***** INFORMATION GIVEN

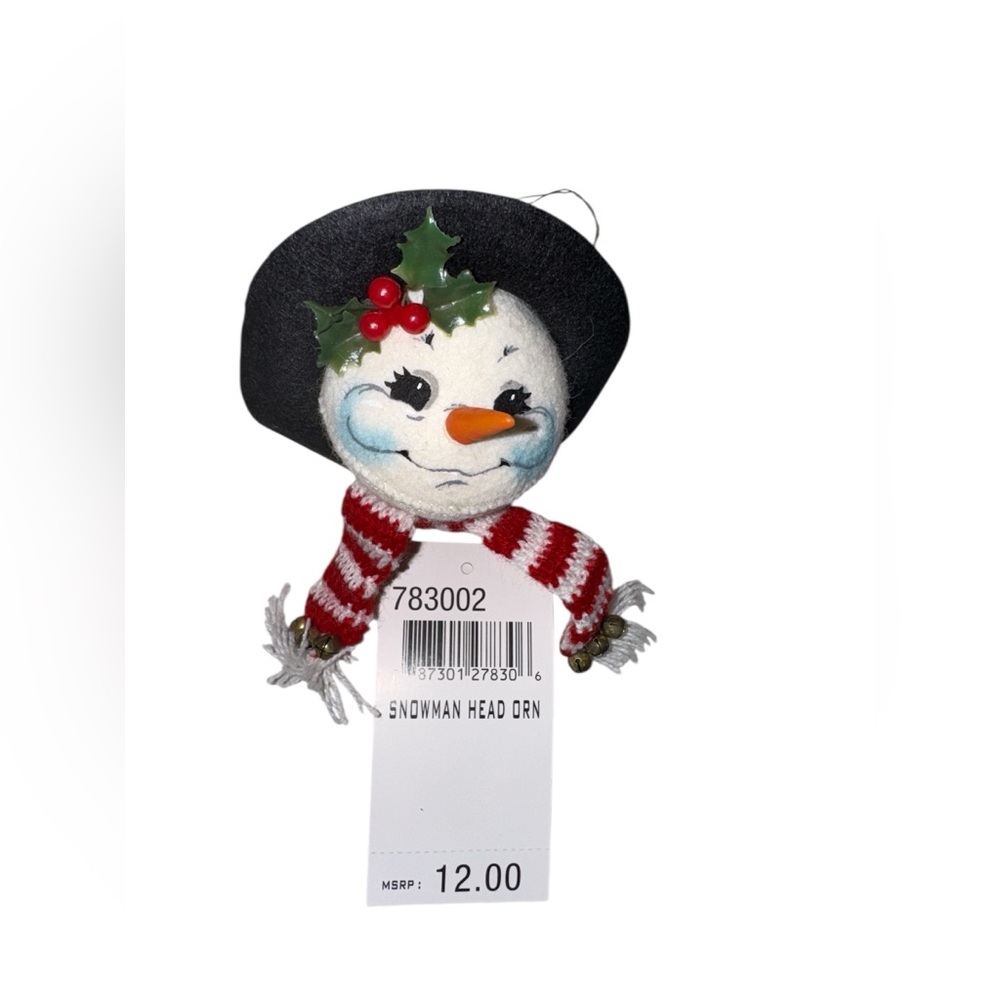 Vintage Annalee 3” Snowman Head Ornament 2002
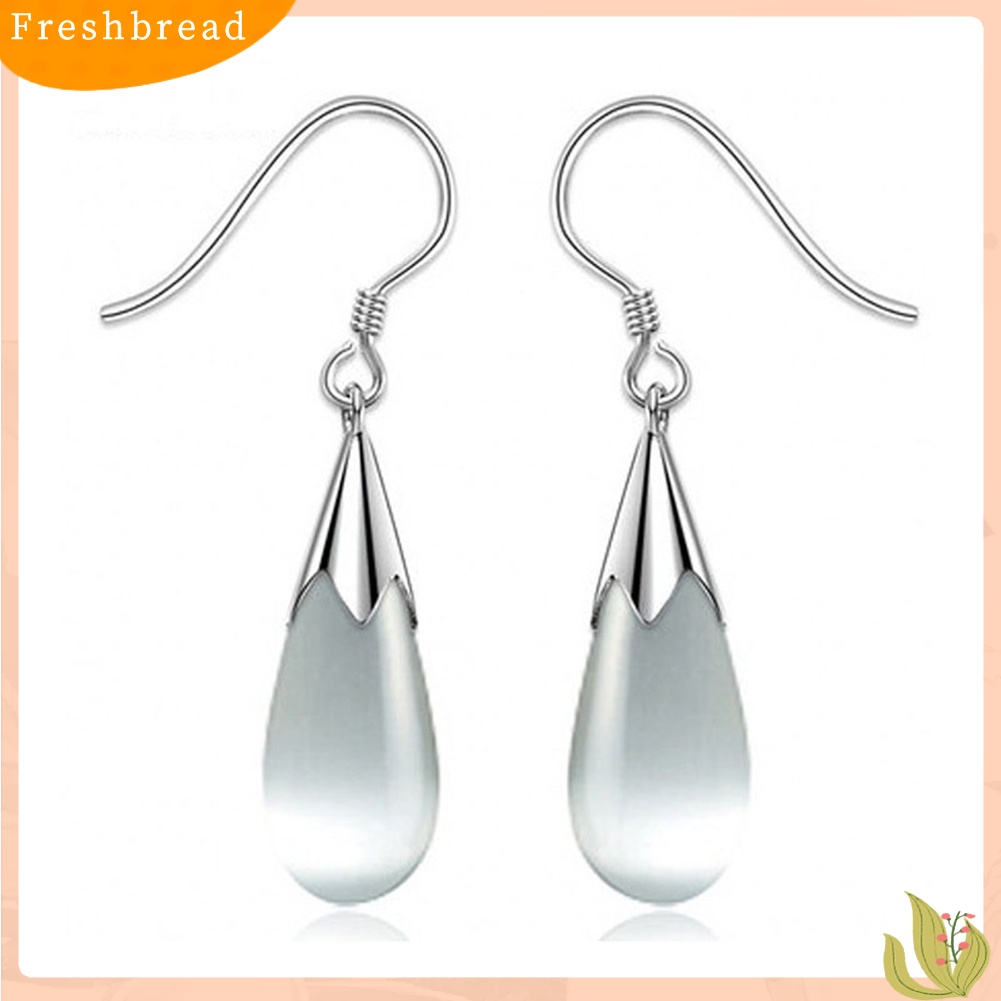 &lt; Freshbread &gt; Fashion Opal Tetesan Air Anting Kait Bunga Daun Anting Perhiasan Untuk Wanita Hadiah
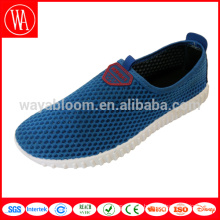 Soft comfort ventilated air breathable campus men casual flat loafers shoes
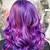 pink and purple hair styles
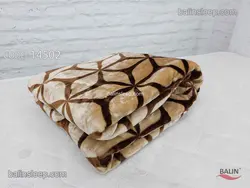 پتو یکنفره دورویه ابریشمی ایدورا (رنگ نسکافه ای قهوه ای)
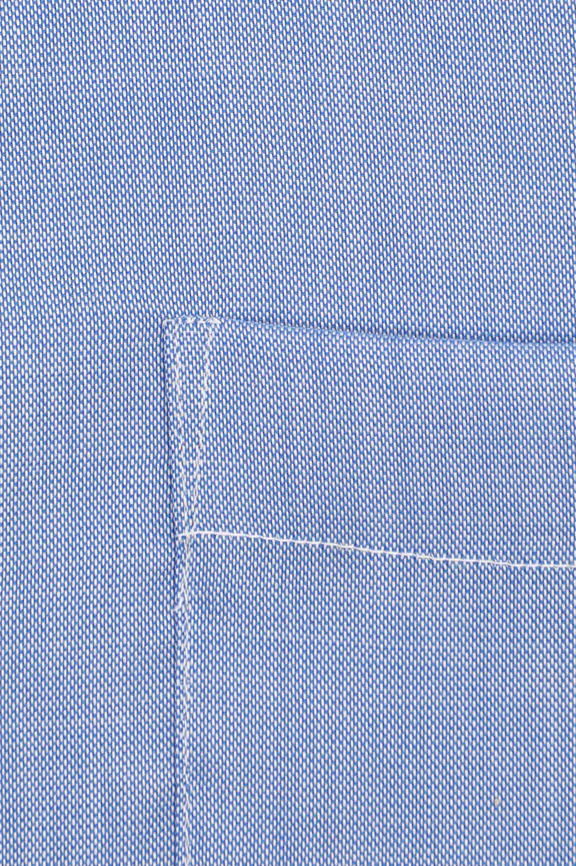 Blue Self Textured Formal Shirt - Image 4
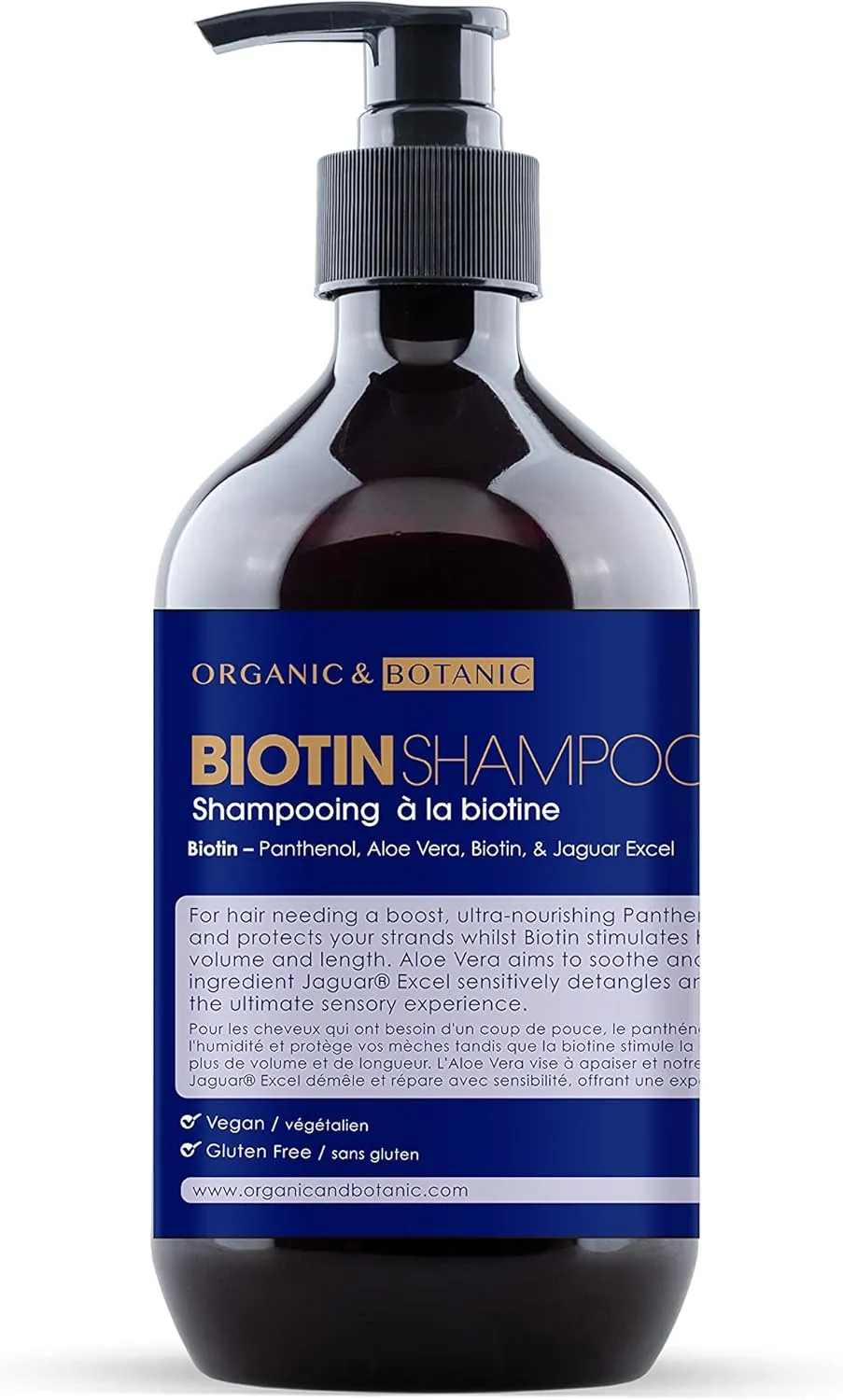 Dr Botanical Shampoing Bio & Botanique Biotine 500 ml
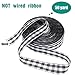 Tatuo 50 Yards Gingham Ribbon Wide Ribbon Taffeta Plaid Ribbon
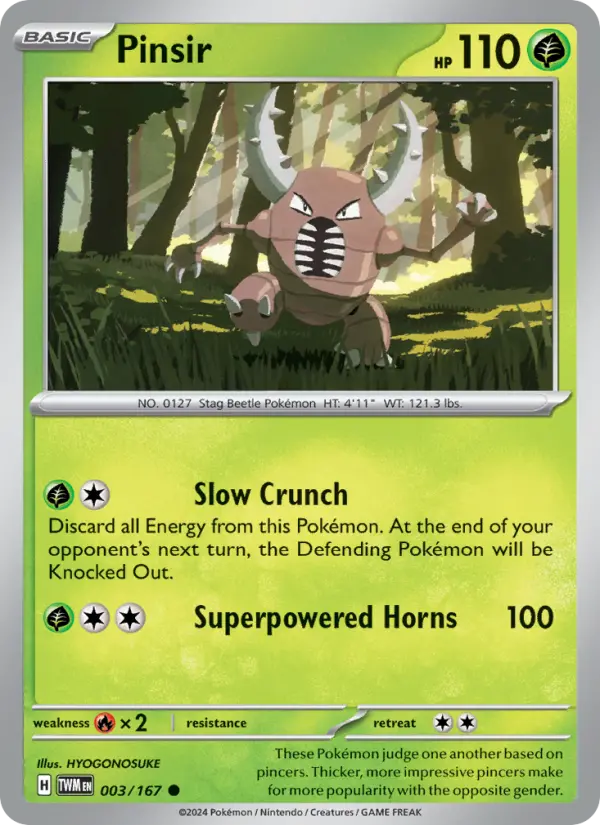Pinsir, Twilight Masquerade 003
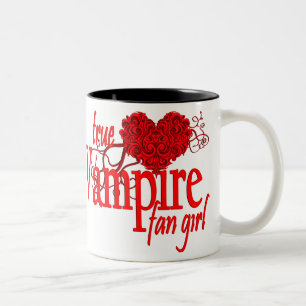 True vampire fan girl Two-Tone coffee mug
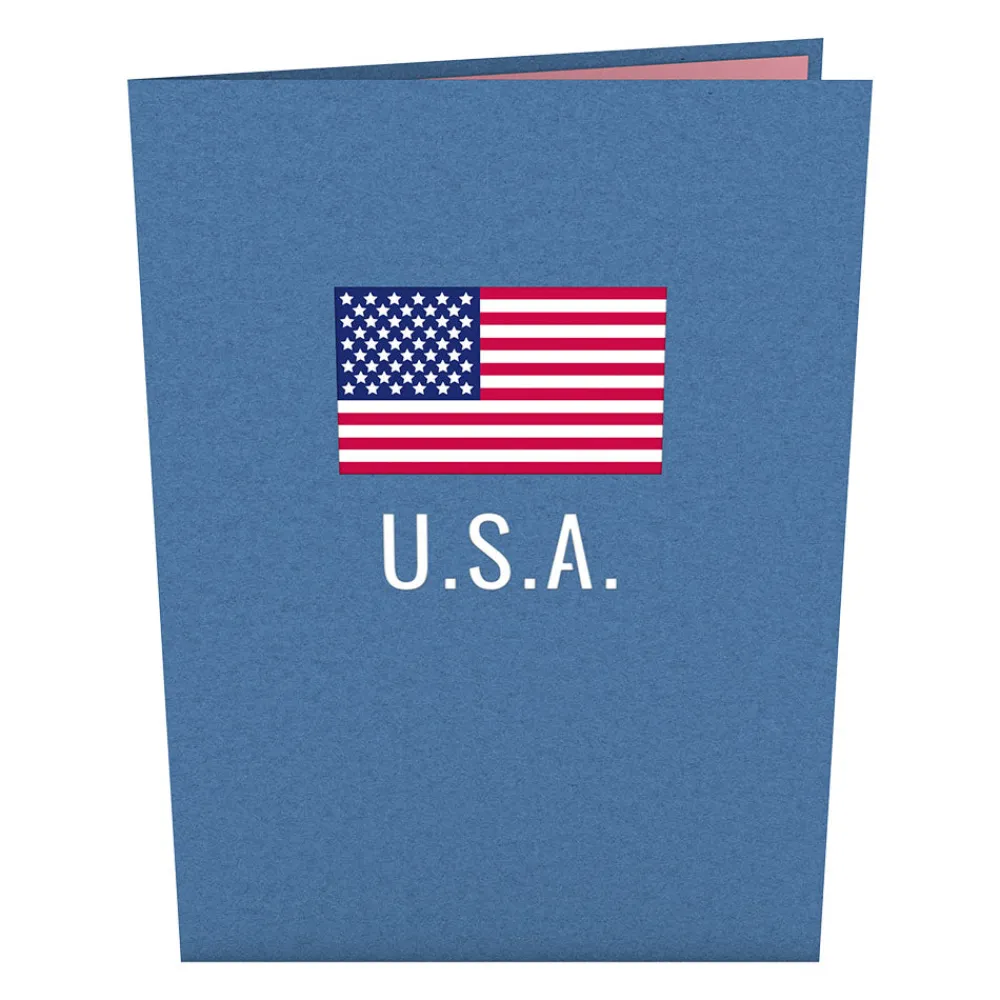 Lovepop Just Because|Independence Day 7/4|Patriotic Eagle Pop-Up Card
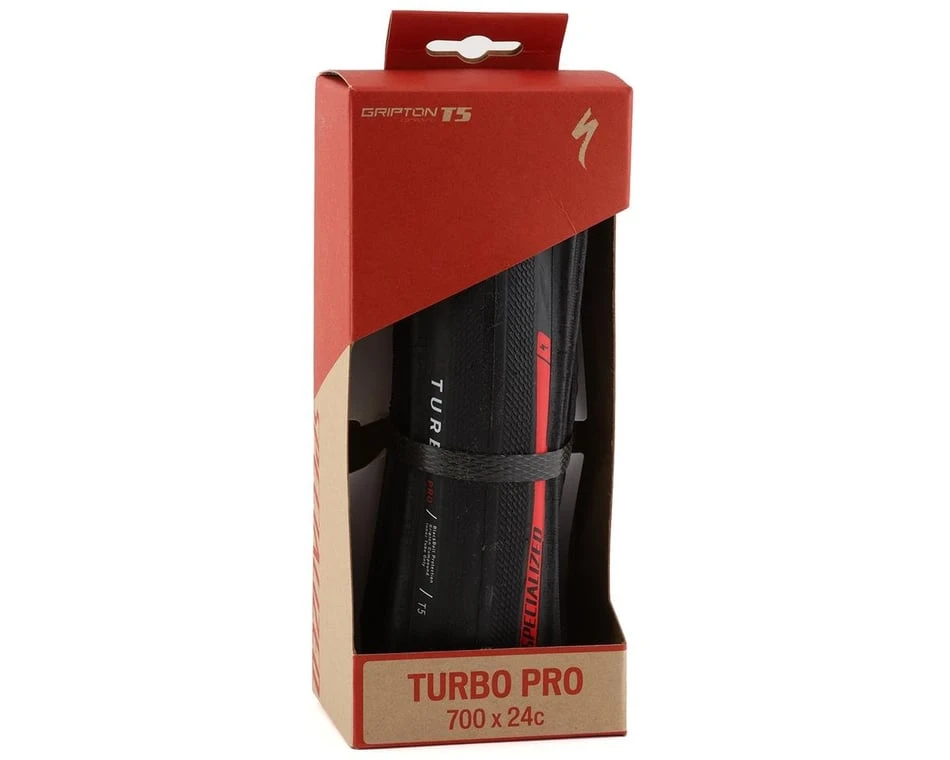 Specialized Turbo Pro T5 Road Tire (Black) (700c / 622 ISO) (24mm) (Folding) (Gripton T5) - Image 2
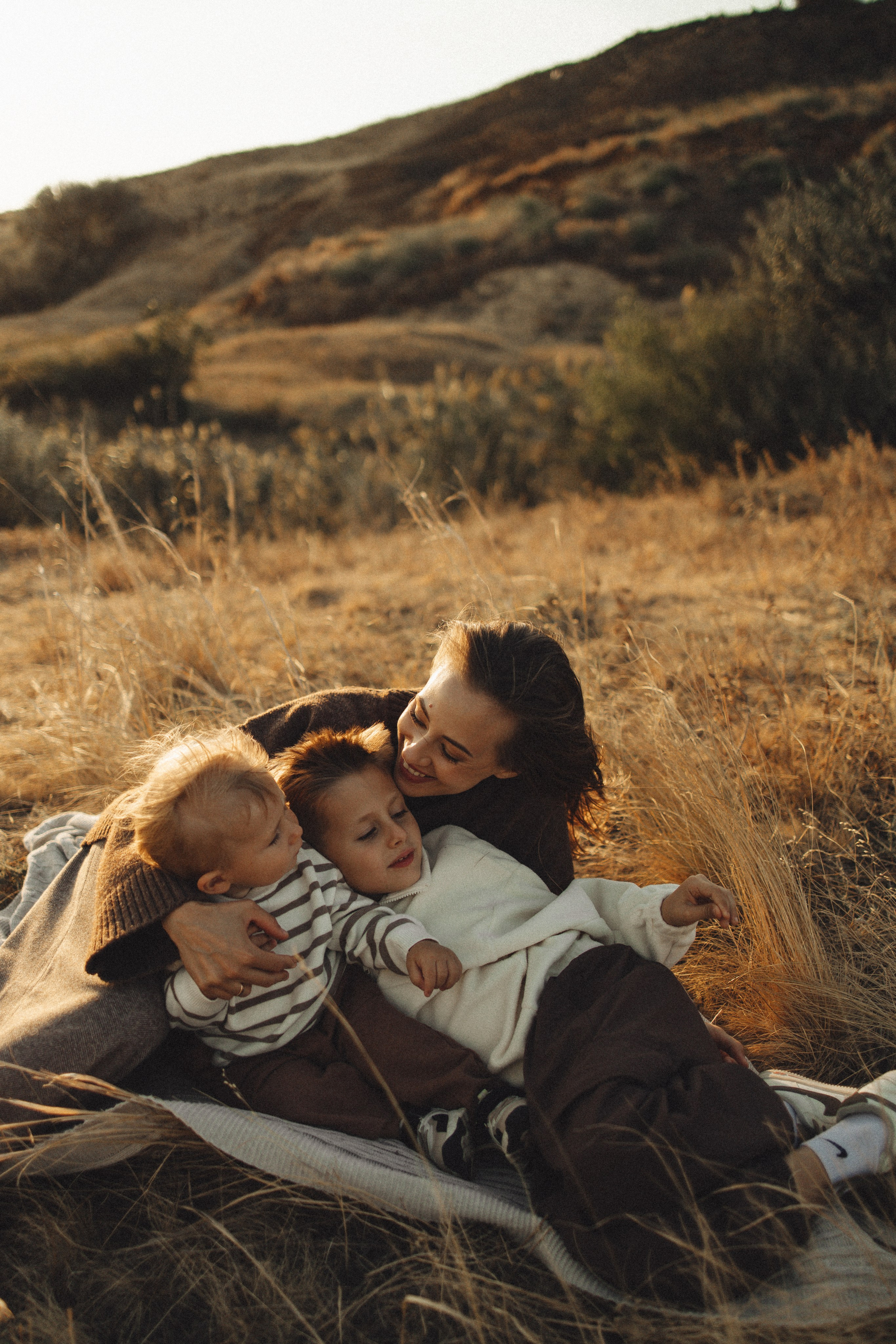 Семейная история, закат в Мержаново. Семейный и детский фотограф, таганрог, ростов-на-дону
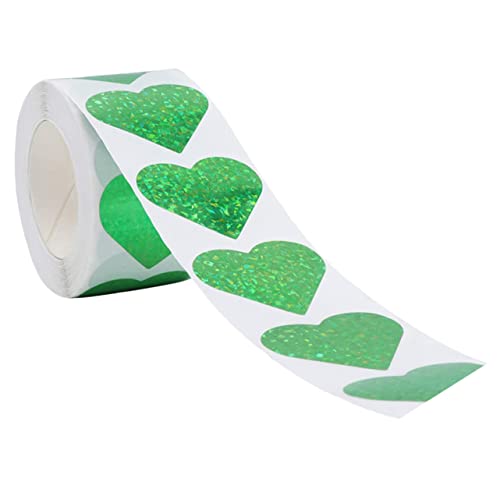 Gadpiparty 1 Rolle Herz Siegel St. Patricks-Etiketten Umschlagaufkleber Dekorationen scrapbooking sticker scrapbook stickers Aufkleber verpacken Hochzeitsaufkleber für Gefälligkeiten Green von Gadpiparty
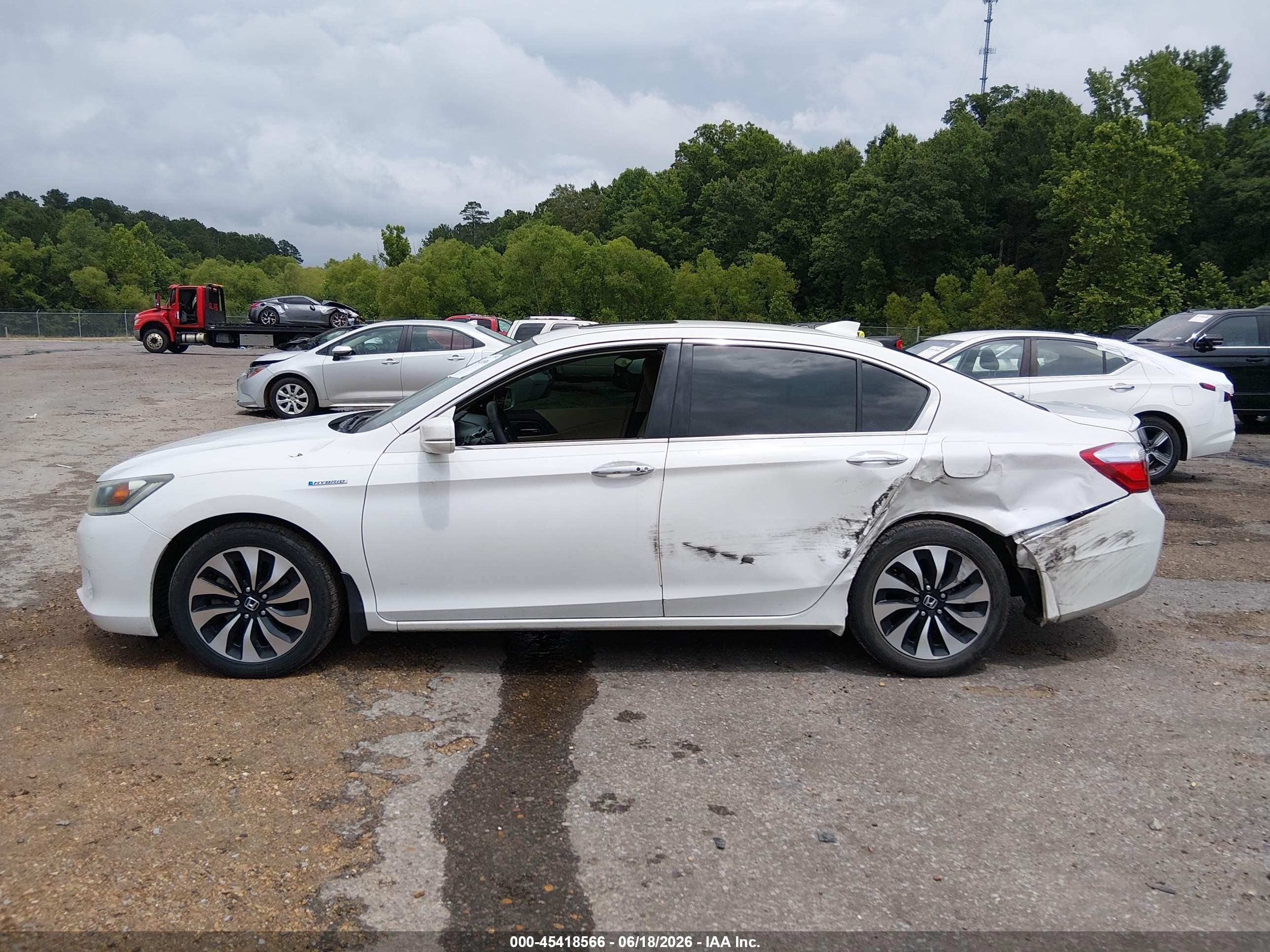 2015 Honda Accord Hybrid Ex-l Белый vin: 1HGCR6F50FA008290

**********

◆ WHAT YOU WILL DO
Every line of the data above is to be set down exactly; the pictures are not.

◆ RESPONSE TO THIS EXERCISE
 Vintage Annalee 3” Snowman Head Ornament 2002
 &lt; Freshbread &gt; Fashion Opal Tetesan Air Anting Kait Bunga Daun Anting Perhiasan Untuk Wanita Hadiah
 Soft comfort ventilated air breathable campus men casual flat loafers shoes
 pink and purple hair styles
 پتو یکنفره دورویه ابریشمی ایدورا (رنگ نسکافه ای قهوه ای)
 Blue Self Textured Formal Shirt - Image 4
 Dr Botanical Shampoing Bio & Botanique Biotine 500 ml
 Tatuo 50 Yards Gingham Ribbon Wide Ribbon Taffeta Plaid Ribbon
Pinsir, Twilight Masquerade 003
 True vampire fan girl Two-Tone coffee mug
 Lovepop Just Because|Independence Day 7/4|Patriotic Eagle Pop-Up Card
 Specialized Turbo Pro T5 Road Tire (Black) (700c / 622 ISO) (24mm) (Folding) (Gripton T5) - Image 2
 Семейная история, закат в Мержаново. Семейный и детский фотограф, таганрог, ростов-на-дону
 Gadpiparty 1 Rolle Herz Siegel St. Patricks-Etiketten Umschlagaufkleber Dekorationen scrapbooking sticker scrapbook stickers Aufkleber verpacken Hochzeitsaufkleber für Gefälligkeiten Green von Gadpiparty
 2015 Honda Accord Hybrid Ex-l Белый vin: 1HGCR6F50FA008290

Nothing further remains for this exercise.